There is an increasingly common assumption that all kinds of agriculture will ultimately work together to achieve sustainability and that policies should not pit models against each other or choose between them. This leads many reports and researchers to advocate a “pick and choose” approach in which the best parts of all agricultural models will be taken on board, and together address sustainability challenges.

THE CONTINUED RELEVANCE OF AGRICULTURAL PARADIGMS
This assumption is highly problematic because it chooses to ignore fault lines and cleavages among agricultural models. Agricultural debates are still structured around opposing paradigms, which have evolved from an earlier opposition between conventional and alternative agriculture to the current agroecology vs new green revolution debates. These paradigms structure coherent discourses, yet their influence goes beyond the world of ideas. They are translated into investment decisions, in what and how farmers farm and how they market their products. As such we need to study, not ignore, these paradigms and their resilience.

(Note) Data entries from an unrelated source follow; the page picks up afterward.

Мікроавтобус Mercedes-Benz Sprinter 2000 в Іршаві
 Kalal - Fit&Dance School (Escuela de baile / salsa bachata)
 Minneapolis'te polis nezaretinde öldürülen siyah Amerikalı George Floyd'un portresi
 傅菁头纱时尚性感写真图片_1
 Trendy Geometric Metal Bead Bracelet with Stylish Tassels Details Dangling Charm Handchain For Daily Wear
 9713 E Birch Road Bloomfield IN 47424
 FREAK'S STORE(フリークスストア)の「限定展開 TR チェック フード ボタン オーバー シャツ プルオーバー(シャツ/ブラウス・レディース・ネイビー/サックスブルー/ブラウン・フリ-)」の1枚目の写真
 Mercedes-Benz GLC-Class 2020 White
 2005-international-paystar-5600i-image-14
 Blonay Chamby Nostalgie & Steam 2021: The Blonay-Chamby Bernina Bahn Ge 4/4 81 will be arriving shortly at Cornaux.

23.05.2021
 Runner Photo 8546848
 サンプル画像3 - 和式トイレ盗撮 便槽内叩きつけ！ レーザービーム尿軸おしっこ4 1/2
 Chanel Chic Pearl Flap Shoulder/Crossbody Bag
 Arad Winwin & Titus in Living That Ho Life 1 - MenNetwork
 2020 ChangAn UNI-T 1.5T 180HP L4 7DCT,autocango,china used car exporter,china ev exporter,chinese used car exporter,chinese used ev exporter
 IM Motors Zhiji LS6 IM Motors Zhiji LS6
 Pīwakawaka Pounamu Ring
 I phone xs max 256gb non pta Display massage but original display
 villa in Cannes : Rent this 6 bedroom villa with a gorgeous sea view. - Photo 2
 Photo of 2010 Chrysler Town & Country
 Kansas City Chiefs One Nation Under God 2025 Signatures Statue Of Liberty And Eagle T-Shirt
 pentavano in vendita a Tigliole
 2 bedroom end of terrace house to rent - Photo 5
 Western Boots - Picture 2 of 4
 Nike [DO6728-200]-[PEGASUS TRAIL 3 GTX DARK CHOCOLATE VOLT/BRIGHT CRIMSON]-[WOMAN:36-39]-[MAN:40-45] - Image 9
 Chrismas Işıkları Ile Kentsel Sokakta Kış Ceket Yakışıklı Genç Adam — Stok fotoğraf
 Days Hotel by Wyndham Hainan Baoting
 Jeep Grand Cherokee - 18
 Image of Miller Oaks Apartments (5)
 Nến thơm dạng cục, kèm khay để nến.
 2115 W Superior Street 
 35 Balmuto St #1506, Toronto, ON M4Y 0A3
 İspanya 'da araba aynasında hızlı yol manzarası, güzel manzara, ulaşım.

THE NEED FOR TRANSITION MANAGEMENT STRATEGIES
In terms of policy recommendation, this vision that "all agricultures are necessary for sustainability”, and that policies should not choose between models, is particularly dangerous as it negates the difference in financial resources, institutional support, and general path dependency that favours the incumbent model (or dominant regime) over its alternatives. Refusing to choose between models exposes us to the risk of de facto rooting for business as usual. Instead, we need policies that allow alternatives to develop and that actively manage transition toward sustainability.

AGRICULTURAL POLICIES REFORMS ARE NOT SUFFICIENT
Our two case studies (EU and Malawi) highlight the need for a reform in agricultural policies, yet we need to be aware that changes in agricultural policies will not be sufficient: to move away from business as usual in agriculture will require the involvement, and evolution, of the whole food system, from inputs producers and R&D down to consumers. This can only happen if we develop and support wide-reaching transition strategies.